* _Given data_
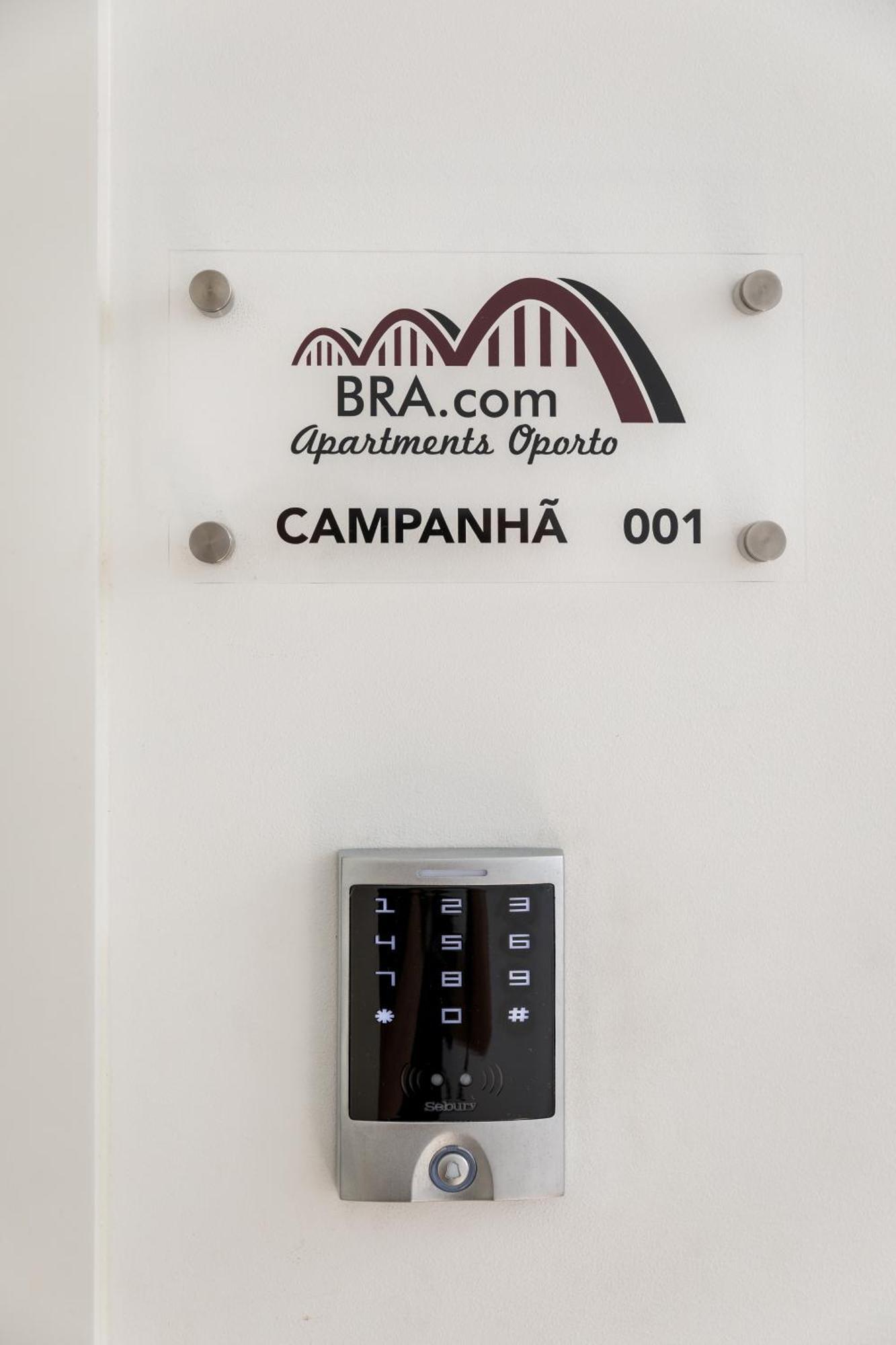 Bra.Com Apartments Oporto Campanha Luaran gambar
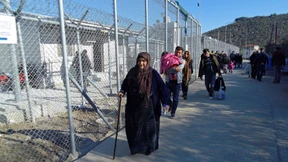 Vier von fünf Hotspots für Flüchtlinge einsatzbereit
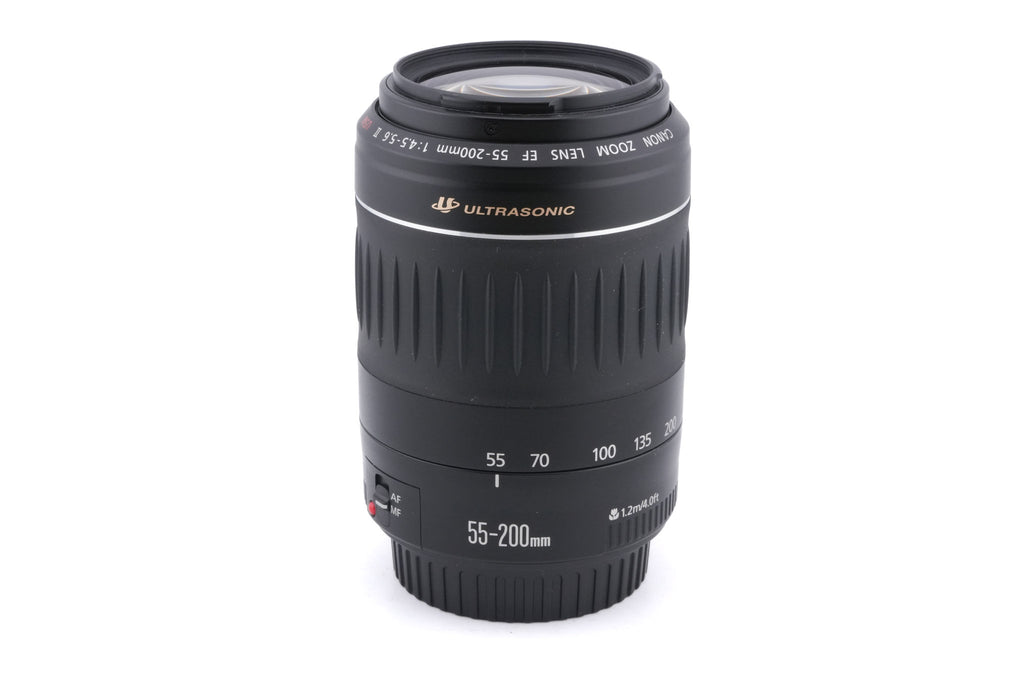 Canon 55-200mm f4.5-5.6 USM II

* _Task details_
None of the pictures belong in the copy. Write out exactly the lines from the line that holds "Vier von fünf" through the last line of the listing above, both ends included.

* _Task response_
 Vier von fünf Hotspots für Flüchtlinge einsatzbereit
 Canon 55-200mm f4.5-5.6 USM II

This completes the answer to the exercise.